» **Exercise description**
Using the listing below, retype only the lines from the line with "2816 Park View Dr, Lakeport, CA 95453" through the end, both ends included, and exclude the pictures.

### Material to process ###

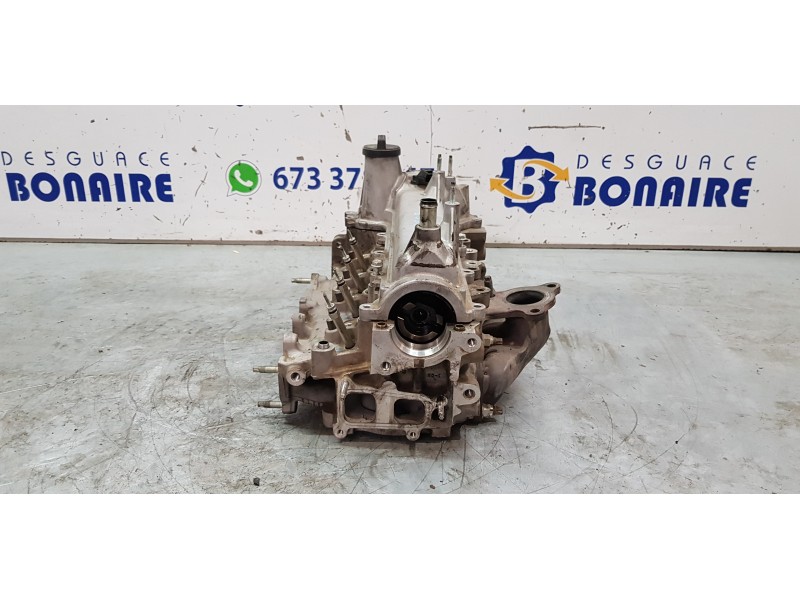 Recambio de culata para toyota auris active referencia OEM IAM 1110133061  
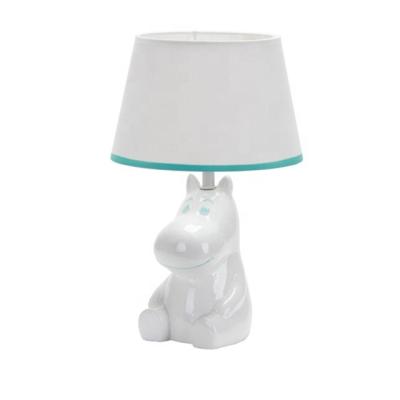 China Modern Porcelain Animal Base Table Lamp With E14 Edison Screw Base And T/C Fabric Shade For Home Decoration for sale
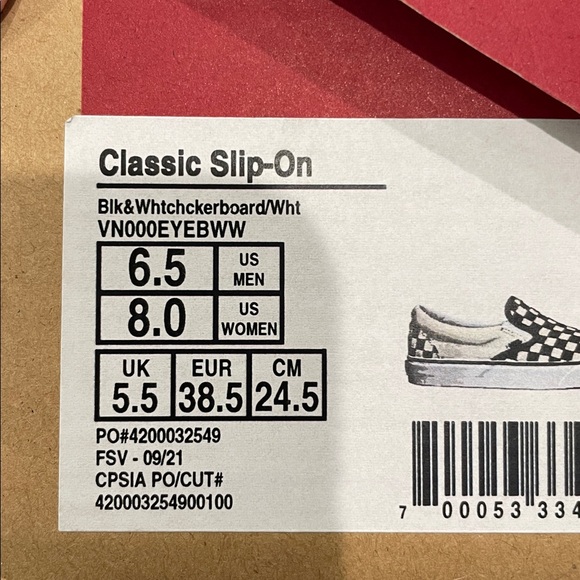 Vans - Picture 10 of 10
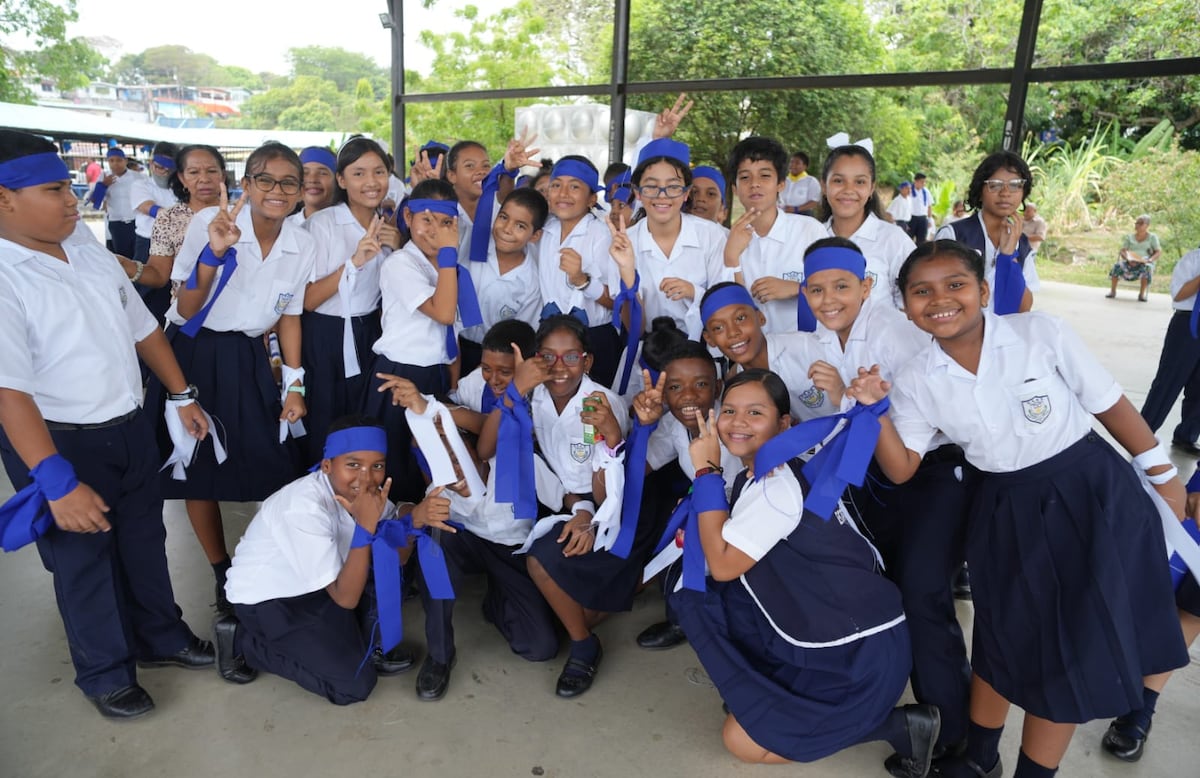 Celebran sus 75 años con estudiantes de la escuela Estado de Israel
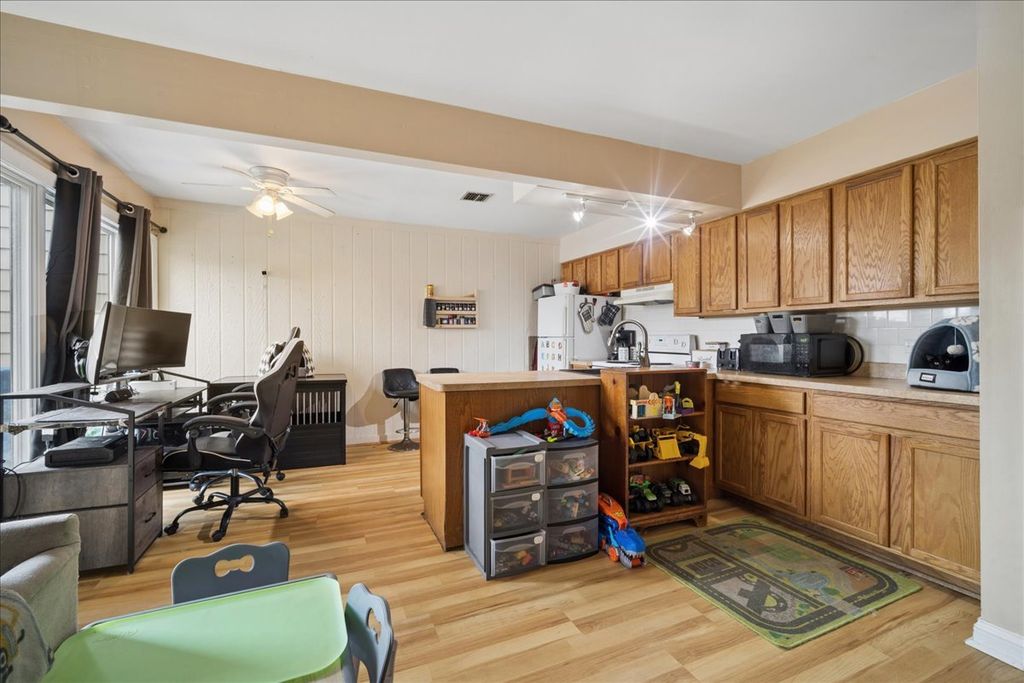Image 4 of property listing at 3309 Beacon Street 62, North Chicago, IL 60064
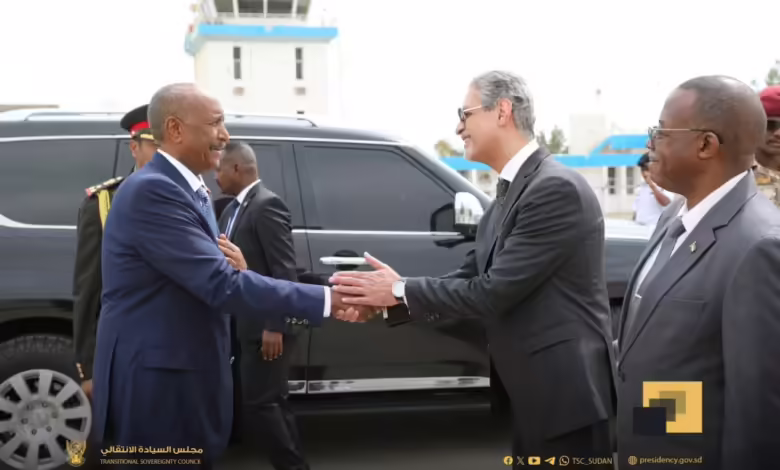 البرهان يتوجه إلى القاهرة للمشاركة في القمة العربية الطارئة 1 رئيس مجلس السيادة يتوجه إلى القاهرة
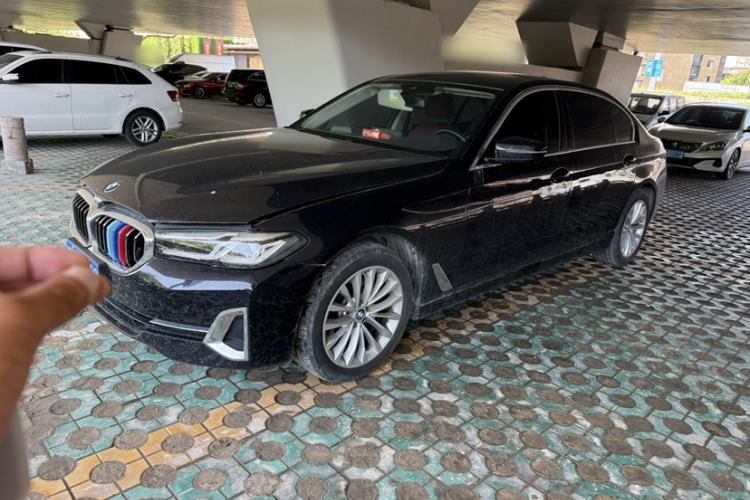 Used BMW 5 Series 2022 Second Facelift 525Li Luxury Package Exterior 2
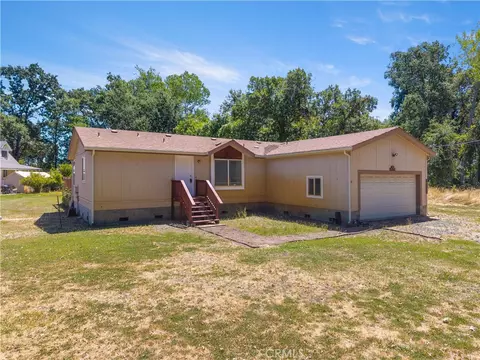 2816 Park View Dr, Lakeport, CA 95453
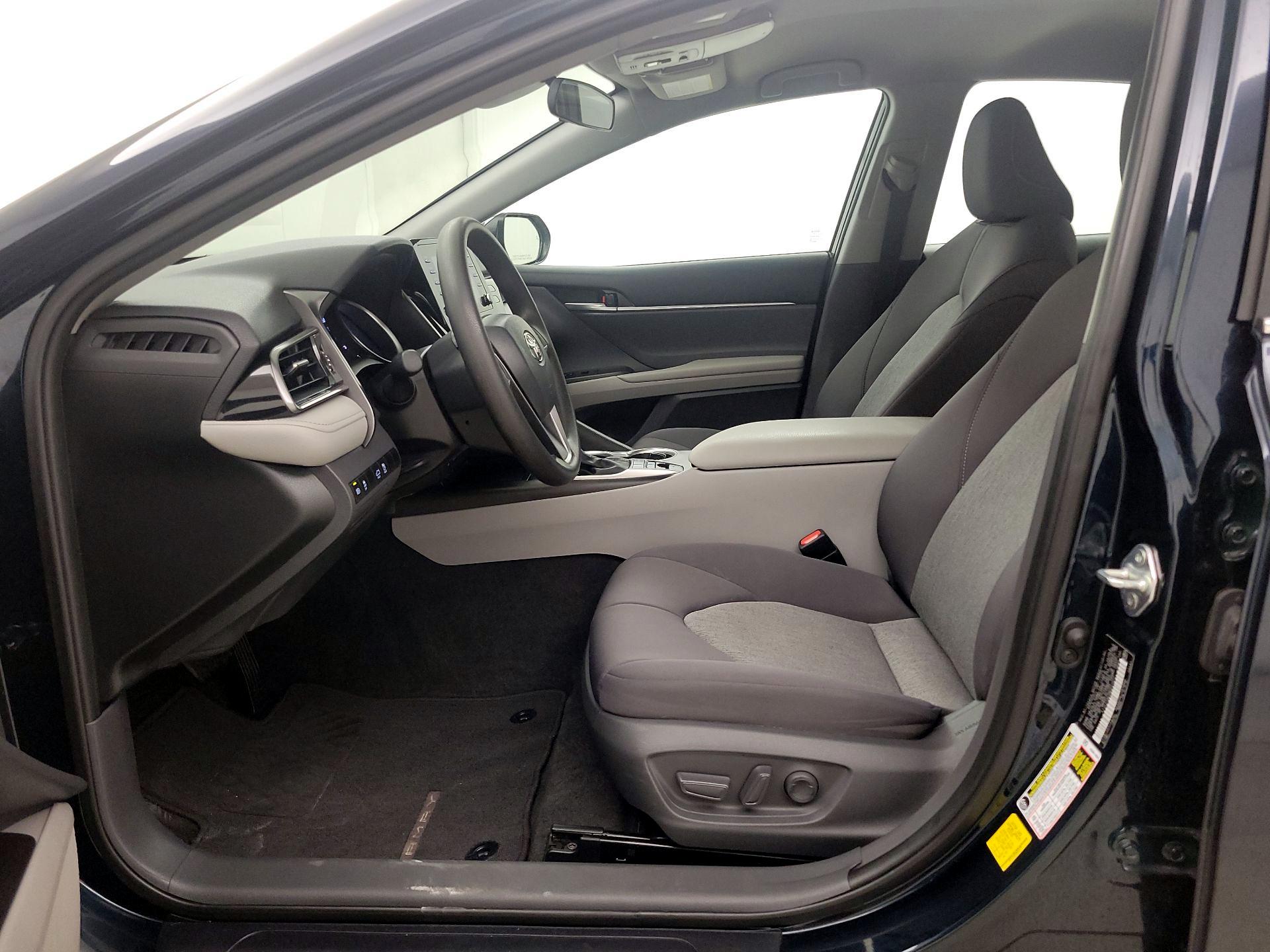 Thumbnail: 2021 Toyota Camry - 11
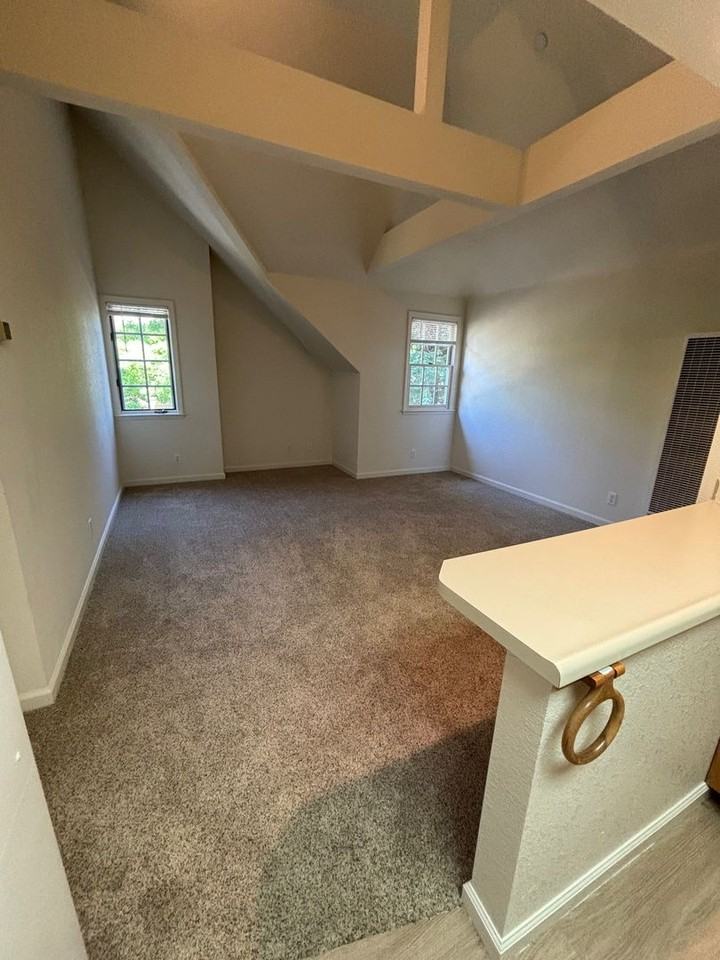 2063 Hoen Ave Unit B - Photo 2 of 9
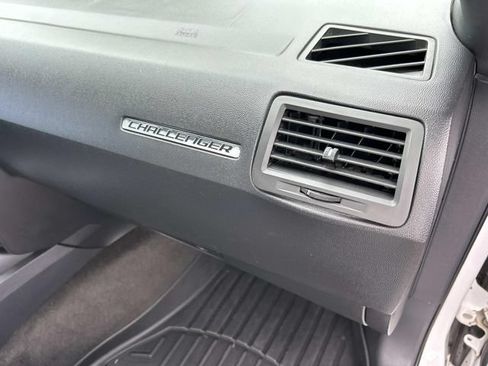 Used 2010 Dodge Challenger R/T RWD image 25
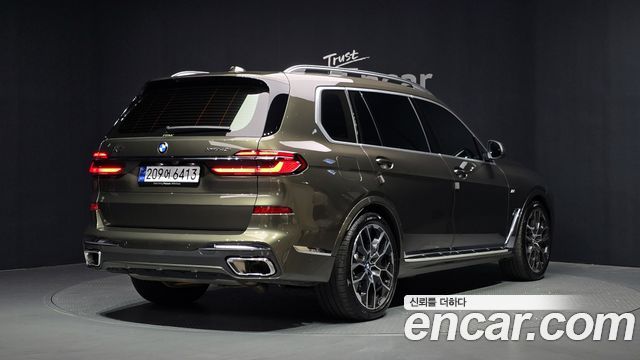BMW X7 2025 — photo 2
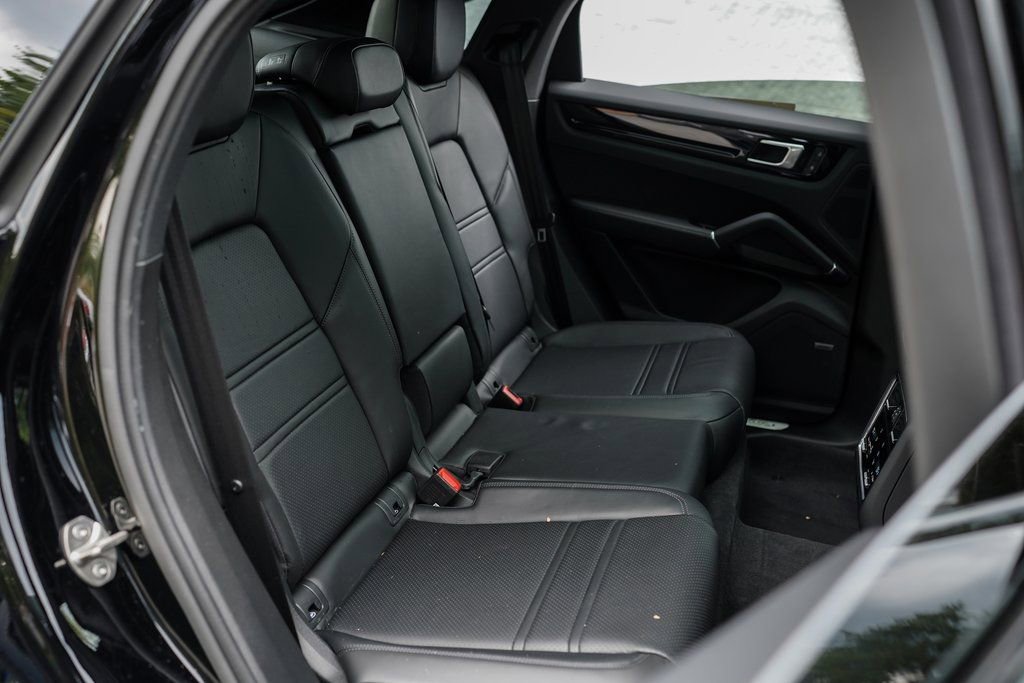 Used 2023 Porsche Cayenne Coupe w/ Premium Package image 24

###

» **The completed task**
 2816 Park View Dr, Lakeport, CA 95453
 Thumbnail: 2021 Toyota Camry - 11
 2063 Hoen Ave Unit B - Photo 2 of 9
 Used 2010 Dodge Challenger R/T RWD image 25
BMW X7 2025 — photo 2
 Used 2023 Porsche Cayenne Coupe w/ Premium Package image 24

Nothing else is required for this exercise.